Joe Heschmeyer explores the complex theological implications of Judas’ betrayal, examining whether Jesus’ choice of Judas suggests a deeper, potentially troubling divine plan.

Transcription:

Joe:

Welcome back to Shameless Popery; I’m Joe Heschmeyer and today I want to look at the problem of Judas. What do I mean by that? At the last supper, Jesus says of Judas, the son of man goes as it is written of him, but woe to that man by whom the son of man is betrayed. It would’ve been better for that man if he’d never been born and we might object here. Jesus, you are the one who caused Judas to be born in the first place, so surely there’s something mysterious here. Why did you create Judas if you think it would be better that he had not been born? But it’s not just that Jesus created Judas and caused him to be born. He called him to be one of the apostles, and Jesus doesn’t run from this apparent scandal either. He seems to lean into it.

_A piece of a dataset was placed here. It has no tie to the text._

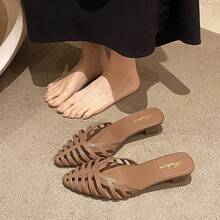 Zapatos de tacón para mujer Mules de tacón fino con punta afilada estilo media sandalia para mujer de Baotou. Novedad de verano. Sandalias versátiles de tacón alto. Sandalias de estilo romano. - Marrón - Ver 2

At the end of John six, he says, did I not choose you? The 12 and one of you is a devil, and in case we miss it, John then explains, he spoke of Judas, the son of Simon Sct, for he, one of the 12 was to betray him. It almost looks like Jesus called Judas as an apostle so that he would betray him. So is that right? Does Jesus want Judas to sin or does he cause his sin in some way or it can certainly sound like that and frankly, there’s no shortage of Protestant ministers who suggest that might be the case. It might even sound like that from the words of the Bible. In addition to what we just saw, acts four has this really fascinating part in which the apostles and the early Christians are praying together and they praise God for the fact that truly in this city, Jerusalem, they were gathered together against thy holy servant Jesus, whom now dis anoint both Herod and punch his Pilate with the Gentiles and the people of Israel to do whatever thy hand and thy plan had predestined to take place.

Now, Judas isn’t mentioned by name there, but surely alongside Herod and Pontius Pilate and the Gentile and Jewish leaders of the day who are responsible for Jesus’ death, we can add Judas to the list and say somehow the biblical answer to the question appears to involve this thorny question of predestination. So I want to try to answer that today and explain what the Bible does and doesn’t mean by talking about God predestining things. But before we get there, we need to talk actually about two ways seemingly opposite, but I would suggest actually quite similar in which Christians have historically gotten the story of Judas wrong. These are the two, again, at the surface opposite, maybe not so opposite ways we can screw up in thinking about the story of Judas, the first way is to treat Judas as the hero. Now, most of us I think would not fall into this trap, but it can be sort of tempting to view the whole thing.

Look, Judas is betrayal led to the greatest act of human history. Jesus Christ laying down his life forth the salvation of the world. So maybe some people have claimed throughout history, Judas is actually an underappreciated good guy. Now, the most famous and maybe most notorious example of this is the so-called Gospel of Judas. This is one of those gnostic gospels. So it’s heavily influenced by the gnostic heresy. It claims to be a recording of what Jesus revealed to Judas. It’s actually from much later like the mid second century at least I would say. But in there it depicts Jesus secretly talking with Judas about how he’s going to go above and beyond the others because he’ll sacrifice the human who bears me. Now to make sense of that, you need to know something about gnosticism. It says the body is bad, the body’s a prison.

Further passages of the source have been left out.